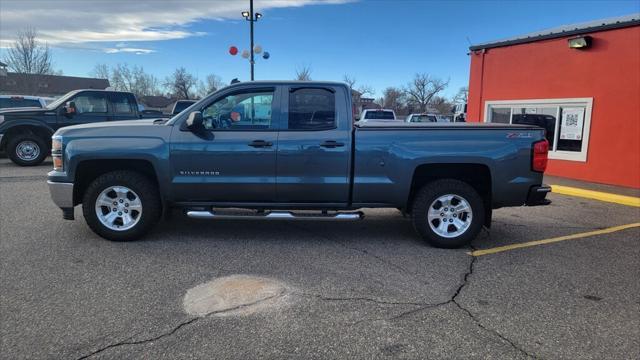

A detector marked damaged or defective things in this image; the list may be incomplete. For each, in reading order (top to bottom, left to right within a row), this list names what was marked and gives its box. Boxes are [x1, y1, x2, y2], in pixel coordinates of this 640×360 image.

patched asphalt [0, 159, 636, 358]
cracked pavement [1, 159, 640, 358]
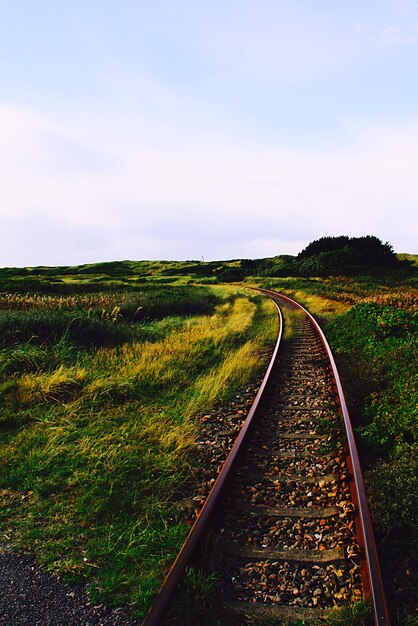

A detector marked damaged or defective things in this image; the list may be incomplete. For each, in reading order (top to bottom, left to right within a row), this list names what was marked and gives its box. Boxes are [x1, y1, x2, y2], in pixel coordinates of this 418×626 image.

rusty rail [144, 298, 284, 624]
rusty rail [260, 288, 390, 624]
========================
Work request >> Copy exactly the lines running from the one that holds "this 418×626 image." to the last line of the listing above. Include both of those lines.

Final answer >>
A detector marked damaged or defective things in this image; the list may be incomplete. For each, in reading order (top to bottom, left to right within a row), this list names what was marked and gives its box. Boxes are [x1, y1, x2, y2], in pixel coordinates of this 418×626 image.

rusty rail [144, 298, 284, 624]
rusty rail [260, 288, 390, 624]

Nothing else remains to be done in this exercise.